The principal issue presented by the Commissioner’s petition to review the decision of the Tax Court is whether the taxpayer, Girard Trust Company (“Girard”), held the property here involved as an owner in fee or as a mortgagee in possession. If Girard held as an owner in fee, rents received were includable in its gross income. If it held as a mortgagee in possession, the rentals were, of course, simply a return of capital to be applied in reduction of the mortgage debt and were not taxable as income.

The Tax Court found (five judges dissenting) that Girard held as a mortgagee in possession and not as owner. 1 The facts as found by the Tax. 'Court may be summarized as follows:

The Penn Athletic Club of Philadelphia (“Penn”) was organized under the laws of Pennsylvania on October 31, 1922. On September 15, 1924, Penn purchased, a plot of ground for the purpose of erecting a clubhouse, and contemporaneously organized the Rittenhouse Square Corporation *941 (“Rittenhouse”) for the purpose of holding title to the site. All of the stock of Rittenhouse was owned by Penn. On the date mentioned the real estate was conveyed to C. Benton Cooper (“Cooper”), a “straw man” who executed a mortgage to Girard as Trustee to secure an issue of $3,000,000 first mortgage bonds. The mortgage, in Article VI, provided, among other remedies, that, in case of default, Girard could enter on the property, lease it, and after deducting expenses including taxes,, apply the moneys to the payment of principal and interest, and pay the balance to the mortgagor.

On September 25, 1924, Cooper conveyed the premises to Rittenhouse under and subject to the mortgage, and Rittenhouse utilized the proceeds from the sale of the bonds and from the sale of its own bonds to erect and furnish a clubhouse on the property here involved.

On September 25, 1924, Rittenhouse leased the premises to Penn for 25 years from March 1, 1926. Default on the mortgage occurred after March 15, 1932.

On December 1, 1936, Penn and Rittenhouse filed petitions for reorganization under Section 77B of the Bankruptcy Act, 11 U.S.C.A. § 207.

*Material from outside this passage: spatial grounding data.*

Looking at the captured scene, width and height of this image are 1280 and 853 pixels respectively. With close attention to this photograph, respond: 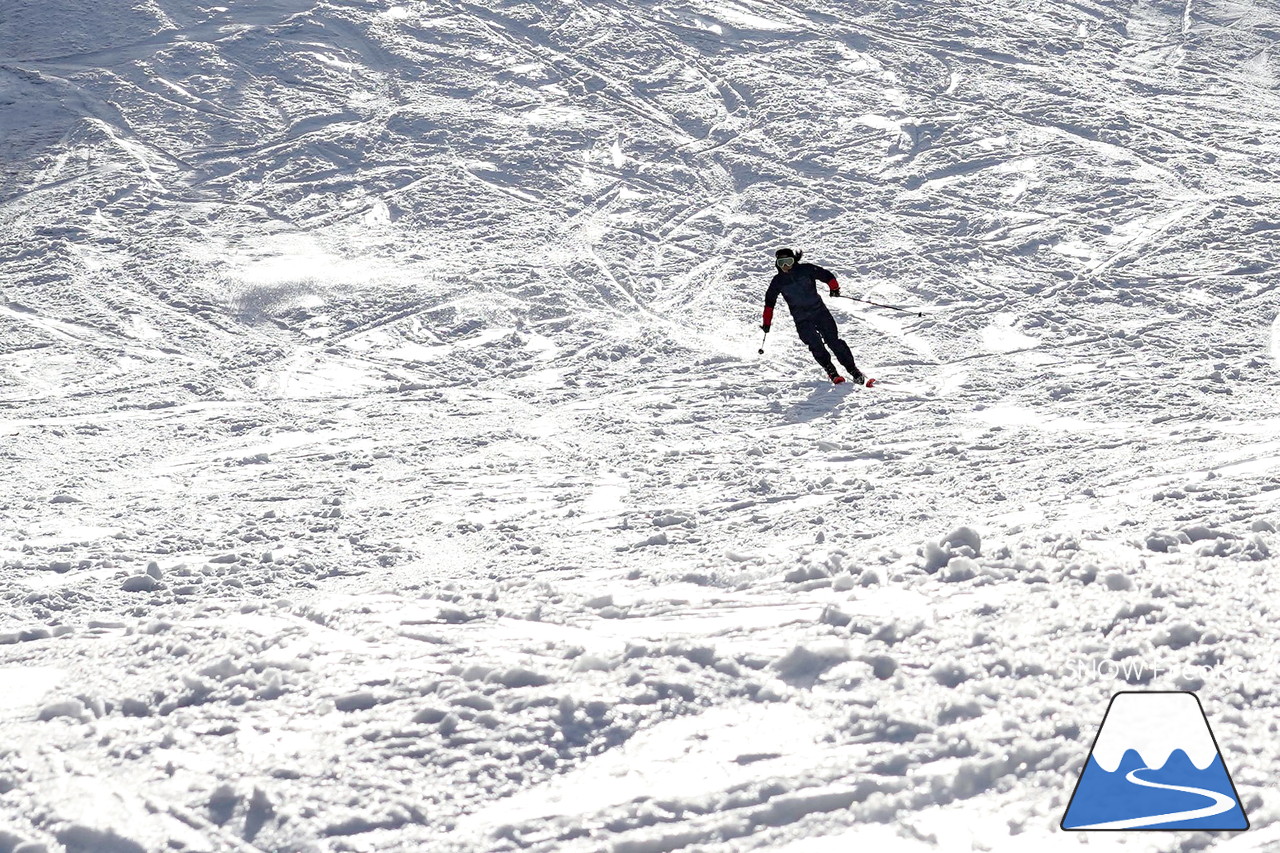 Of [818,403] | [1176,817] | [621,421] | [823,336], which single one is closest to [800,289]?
[823,336]

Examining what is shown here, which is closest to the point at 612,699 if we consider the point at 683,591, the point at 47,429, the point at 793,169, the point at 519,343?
the point at 683,591

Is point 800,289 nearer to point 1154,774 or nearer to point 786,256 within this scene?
point 786,256

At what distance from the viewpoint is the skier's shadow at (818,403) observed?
9.63 m

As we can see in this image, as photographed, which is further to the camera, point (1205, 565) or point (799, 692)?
point (1205, 565)

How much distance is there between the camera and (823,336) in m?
10.6

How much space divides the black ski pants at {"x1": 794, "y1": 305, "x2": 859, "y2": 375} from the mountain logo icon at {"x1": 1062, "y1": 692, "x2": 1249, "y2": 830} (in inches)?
263

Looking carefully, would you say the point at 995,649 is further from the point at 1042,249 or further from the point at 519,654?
the point at 1042,249

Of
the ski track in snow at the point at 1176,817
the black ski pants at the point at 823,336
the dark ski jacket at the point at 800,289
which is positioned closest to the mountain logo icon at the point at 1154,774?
the ski track in snow at the point at 1176,817

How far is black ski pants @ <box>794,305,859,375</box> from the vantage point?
1056 cm

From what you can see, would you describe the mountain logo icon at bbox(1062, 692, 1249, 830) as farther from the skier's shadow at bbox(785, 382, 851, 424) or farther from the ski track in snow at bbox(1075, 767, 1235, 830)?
the skier's shadow at bbox(785, 382, 851, 424)

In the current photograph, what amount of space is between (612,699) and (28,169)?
15.5 meters

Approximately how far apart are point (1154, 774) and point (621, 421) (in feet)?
21.2

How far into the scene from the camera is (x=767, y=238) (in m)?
14.8

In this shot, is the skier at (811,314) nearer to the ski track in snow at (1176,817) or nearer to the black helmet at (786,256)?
the black helmet at (786,256) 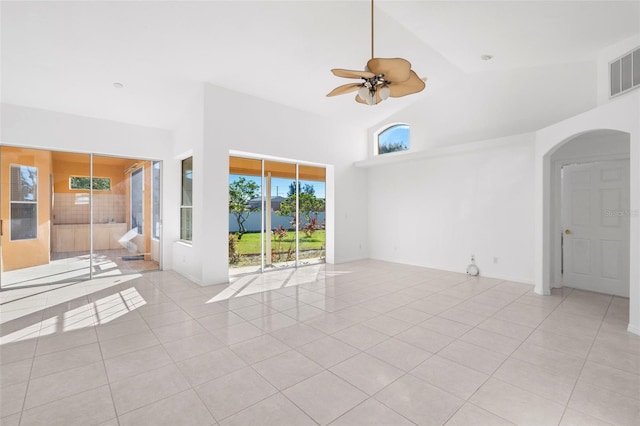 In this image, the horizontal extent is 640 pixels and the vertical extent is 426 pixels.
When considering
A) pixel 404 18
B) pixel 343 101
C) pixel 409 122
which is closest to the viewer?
pixel 404 18

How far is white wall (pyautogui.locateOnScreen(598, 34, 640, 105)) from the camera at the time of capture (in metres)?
4.11

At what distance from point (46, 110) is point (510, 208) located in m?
8.99

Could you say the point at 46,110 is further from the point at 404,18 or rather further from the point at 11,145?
the point at 404,18

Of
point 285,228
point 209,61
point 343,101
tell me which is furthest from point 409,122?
point 209,61

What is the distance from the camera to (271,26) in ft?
13.8

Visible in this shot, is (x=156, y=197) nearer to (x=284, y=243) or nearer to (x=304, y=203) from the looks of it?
(x=284, y=243)

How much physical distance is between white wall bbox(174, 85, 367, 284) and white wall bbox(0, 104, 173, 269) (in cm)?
76

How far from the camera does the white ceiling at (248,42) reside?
3641 millimetres

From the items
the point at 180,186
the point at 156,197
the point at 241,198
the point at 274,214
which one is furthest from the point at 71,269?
the point at 274,214

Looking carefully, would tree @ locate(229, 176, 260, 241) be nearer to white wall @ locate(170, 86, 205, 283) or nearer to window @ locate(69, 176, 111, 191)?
white wall @ locate(170, 86, 205, 283)

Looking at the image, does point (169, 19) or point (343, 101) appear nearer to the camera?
point (169, 19)

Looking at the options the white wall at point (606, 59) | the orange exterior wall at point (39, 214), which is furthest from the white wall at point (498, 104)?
the orange exterior wall at point (39, 214)

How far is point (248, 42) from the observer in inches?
174

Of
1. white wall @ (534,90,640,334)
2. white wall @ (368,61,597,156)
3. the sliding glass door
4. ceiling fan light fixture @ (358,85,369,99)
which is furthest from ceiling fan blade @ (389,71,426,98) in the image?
the sliding glass door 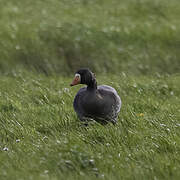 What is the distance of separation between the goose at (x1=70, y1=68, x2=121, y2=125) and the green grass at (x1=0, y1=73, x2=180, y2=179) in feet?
0.69

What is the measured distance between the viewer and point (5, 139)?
7.21 m

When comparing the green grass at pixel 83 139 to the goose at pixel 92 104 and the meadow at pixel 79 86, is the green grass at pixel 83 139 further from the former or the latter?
the goose at pixel 92 104

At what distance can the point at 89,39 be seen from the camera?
14758mm

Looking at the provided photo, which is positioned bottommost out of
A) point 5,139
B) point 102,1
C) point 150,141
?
point 102,1

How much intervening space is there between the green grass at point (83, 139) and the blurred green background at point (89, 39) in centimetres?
373

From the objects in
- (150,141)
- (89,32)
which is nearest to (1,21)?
(89,32)

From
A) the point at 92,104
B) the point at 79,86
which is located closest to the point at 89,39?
the point at 79,86

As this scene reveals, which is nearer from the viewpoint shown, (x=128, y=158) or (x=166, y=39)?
(x=128, y=158)

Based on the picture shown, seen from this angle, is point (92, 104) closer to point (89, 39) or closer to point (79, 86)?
point (79, 86)

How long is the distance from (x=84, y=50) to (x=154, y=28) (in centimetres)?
318

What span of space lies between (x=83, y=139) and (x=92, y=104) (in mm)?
1113

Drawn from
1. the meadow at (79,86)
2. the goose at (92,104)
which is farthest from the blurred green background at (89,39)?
the goose at (92,104)

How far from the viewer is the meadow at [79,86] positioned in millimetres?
5852

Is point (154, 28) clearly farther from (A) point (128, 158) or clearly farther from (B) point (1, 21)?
(A) point (128, 158) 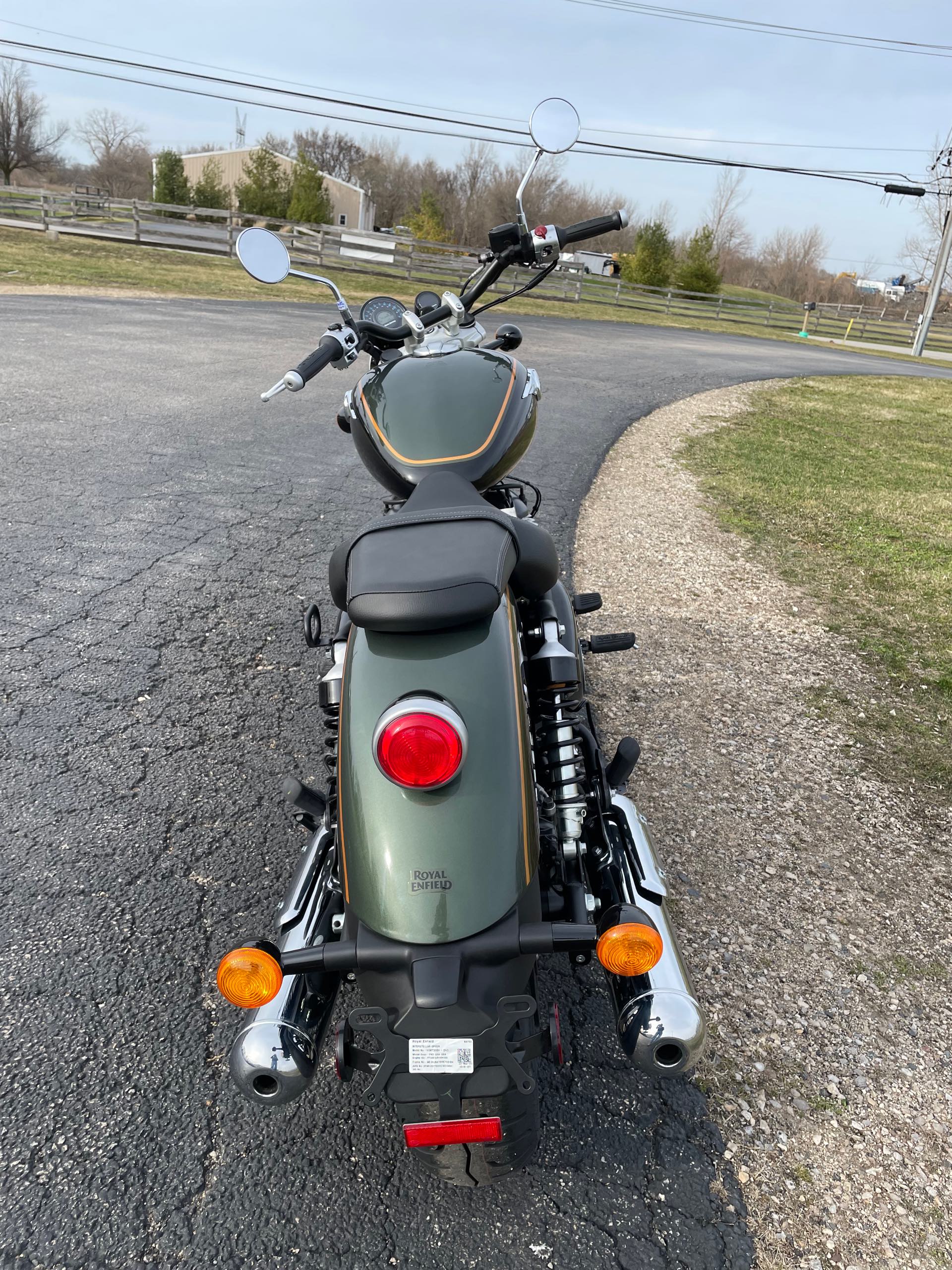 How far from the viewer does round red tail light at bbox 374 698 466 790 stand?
4.81 feet

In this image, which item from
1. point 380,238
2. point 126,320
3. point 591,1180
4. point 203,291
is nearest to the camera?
point 591,1180

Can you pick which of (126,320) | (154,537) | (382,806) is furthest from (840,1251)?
(126,320)

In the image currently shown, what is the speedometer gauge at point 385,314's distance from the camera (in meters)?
2.76

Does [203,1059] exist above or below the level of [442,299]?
below

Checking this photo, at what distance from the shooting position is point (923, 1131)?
1.93 m

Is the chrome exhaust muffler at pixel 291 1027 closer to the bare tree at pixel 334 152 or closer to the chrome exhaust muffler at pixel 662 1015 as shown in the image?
the chrome exhaust muffler at pixel 662 1015

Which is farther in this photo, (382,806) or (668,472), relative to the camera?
(668,472)

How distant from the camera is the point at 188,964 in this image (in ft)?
7.33

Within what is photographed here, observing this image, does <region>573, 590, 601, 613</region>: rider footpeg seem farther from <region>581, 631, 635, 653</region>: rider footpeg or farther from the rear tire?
the rear tire

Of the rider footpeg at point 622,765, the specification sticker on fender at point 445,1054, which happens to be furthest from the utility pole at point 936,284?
the specification sticker on fender at point 445,1054

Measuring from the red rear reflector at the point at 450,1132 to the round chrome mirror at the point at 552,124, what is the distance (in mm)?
3041

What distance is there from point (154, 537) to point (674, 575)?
3072mm

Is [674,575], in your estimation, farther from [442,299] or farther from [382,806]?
[382,806]

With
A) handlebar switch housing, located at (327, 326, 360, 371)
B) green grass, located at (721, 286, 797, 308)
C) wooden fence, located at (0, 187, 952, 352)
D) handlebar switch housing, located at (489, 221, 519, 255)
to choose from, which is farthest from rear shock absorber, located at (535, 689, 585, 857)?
green grass, located at (721, 286, 797, 308) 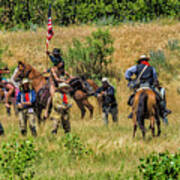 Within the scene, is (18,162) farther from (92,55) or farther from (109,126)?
(92,55)

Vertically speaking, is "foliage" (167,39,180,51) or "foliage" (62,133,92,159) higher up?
"foliage" (167,39,180,51)

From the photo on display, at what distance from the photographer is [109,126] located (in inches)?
615

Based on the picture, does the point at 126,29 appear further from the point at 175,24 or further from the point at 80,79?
the point at 80,79

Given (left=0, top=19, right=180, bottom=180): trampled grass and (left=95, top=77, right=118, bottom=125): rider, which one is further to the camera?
(left=95, top=77, right=118, bottom=125): rider

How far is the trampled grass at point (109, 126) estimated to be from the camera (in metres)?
9.42

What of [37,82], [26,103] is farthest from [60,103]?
[37,82]

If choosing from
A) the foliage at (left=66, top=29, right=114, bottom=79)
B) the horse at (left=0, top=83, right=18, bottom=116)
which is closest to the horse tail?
the horse at (left=0, top=83, right=18, bottom=116)

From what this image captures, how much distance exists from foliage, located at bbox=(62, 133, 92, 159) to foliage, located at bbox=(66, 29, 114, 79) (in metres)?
17.1

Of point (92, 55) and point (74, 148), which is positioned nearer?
point (74, 148)

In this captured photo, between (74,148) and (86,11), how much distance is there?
23.8 meters

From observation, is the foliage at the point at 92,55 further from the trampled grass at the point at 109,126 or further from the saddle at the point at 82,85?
the saddle at the point at 82,85

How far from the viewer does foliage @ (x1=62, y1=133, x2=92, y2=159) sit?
34.1 ft

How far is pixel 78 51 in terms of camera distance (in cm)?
2844

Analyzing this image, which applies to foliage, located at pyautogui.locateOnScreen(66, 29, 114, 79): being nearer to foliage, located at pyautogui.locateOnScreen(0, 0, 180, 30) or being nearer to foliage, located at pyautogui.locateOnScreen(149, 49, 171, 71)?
foliage, located at pyautogui.locateOnScreen(149, 49, 171, 71) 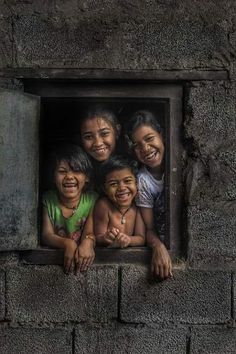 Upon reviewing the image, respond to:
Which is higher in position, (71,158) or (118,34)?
(118,34)

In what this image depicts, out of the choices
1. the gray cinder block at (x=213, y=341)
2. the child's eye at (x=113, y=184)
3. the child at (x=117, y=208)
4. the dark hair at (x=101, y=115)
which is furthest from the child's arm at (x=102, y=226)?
the gray cinder block at (x=213, y=341)

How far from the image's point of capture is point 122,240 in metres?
4.01

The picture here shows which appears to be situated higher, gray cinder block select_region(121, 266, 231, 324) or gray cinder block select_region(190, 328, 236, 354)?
gray cinder block select_region(121, 266, 231, 324)

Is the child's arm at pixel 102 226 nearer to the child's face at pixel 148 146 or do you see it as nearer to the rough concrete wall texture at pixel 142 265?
the rough concrete wall texture at pixel 142 265

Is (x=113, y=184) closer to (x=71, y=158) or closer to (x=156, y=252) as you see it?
(x=71, y=158)

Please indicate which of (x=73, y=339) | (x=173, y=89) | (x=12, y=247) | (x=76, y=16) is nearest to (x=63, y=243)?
(x=12, y=247)

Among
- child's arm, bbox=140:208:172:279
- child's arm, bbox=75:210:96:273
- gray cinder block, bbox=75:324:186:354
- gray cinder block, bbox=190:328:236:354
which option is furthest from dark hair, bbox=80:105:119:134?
gray cinder block, bbox=190:328:236:354

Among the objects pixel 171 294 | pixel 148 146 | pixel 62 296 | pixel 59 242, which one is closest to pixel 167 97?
pixel 148 146

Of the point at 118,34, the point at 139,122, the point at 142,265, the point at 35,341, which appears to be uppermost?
the point at 118,34

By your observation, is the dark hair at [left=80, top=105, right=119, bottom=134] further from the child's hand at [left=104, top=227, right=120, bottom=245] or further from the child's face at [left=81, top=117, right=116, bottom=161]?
the child's hand at [left=104, top=227, right=120, bottom=245]

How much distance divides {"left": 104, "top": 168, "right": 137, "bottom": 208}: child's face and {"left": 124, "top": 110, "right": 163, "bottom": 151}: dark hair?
0.63 ft

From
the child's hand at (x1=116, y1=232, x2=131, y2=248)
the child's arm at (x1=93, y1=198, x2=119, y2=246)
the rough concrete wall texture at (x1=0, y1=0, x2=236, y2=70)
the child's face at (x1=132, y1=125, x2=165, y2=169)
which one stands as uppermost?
the rough concrete wall texture at (x1=0, y1=0, x2=236, y2=70)

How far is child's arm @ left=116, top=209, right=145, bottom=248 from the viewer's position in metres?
4.02

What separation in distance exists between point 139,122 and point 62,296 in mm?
1269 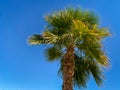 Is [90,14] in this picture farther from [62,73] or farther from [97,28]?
[62,73]

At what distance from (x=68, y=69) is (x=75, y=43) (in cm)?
136

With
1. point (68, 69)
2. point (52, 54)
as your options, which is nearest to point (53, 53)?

Following long drawn-out reorganization proceedings, the United States District Court for the Eastern District of Pennsylvania approved a plan pursuant to which Rittenhouse conveyed the clubhouse property to Penn and was dissolved, and Penn entered into a Supplemental Mortgage Agreement with Girard on January 30, 1940, which provided in Paragraph 14 that in the event of default by Penn for a period of a year, Girard might require conveyance of the property.

Late in 1941, Girard learned that the Securities and Exchange Commission (“S. E. C.”) desired to lease the premises for a period of seven years subject to termination by it after three years. The S. E. C. sought immediate possession and suggested that Girard request conveyance from Penn, inasmuch as under the practice of the courts (Federal and State) a mortgagee in possession could otherwise not lease for more than a year.

On January 13, 1942, Girard wrote a letter to Penn requesting, in view of its de-' fault, conveyance of the mortgaged premises, subject to the lien of the mortgage, in accordance with ¡the terms of Paragraph 14 of the Supplemental Mortgage Agreement. Subsequently, on January 19, 1942, a meeting was held with Penn’s board of governors, and a transfer under the original and supplemental mortgages was discussed. A resolution was adopted by the officers of Penn providing for the conveyance of all real estate, buildings, etc., to Girard upon its execution of a release of all indebtedness due by Penn including tax liability and retention by Penn of $25,000 of the clubhouse furnishings. The resolution further provided that Girard satisfy Penn’s current indebtedness to other creditors out of the proceeds of the balance of the furniture.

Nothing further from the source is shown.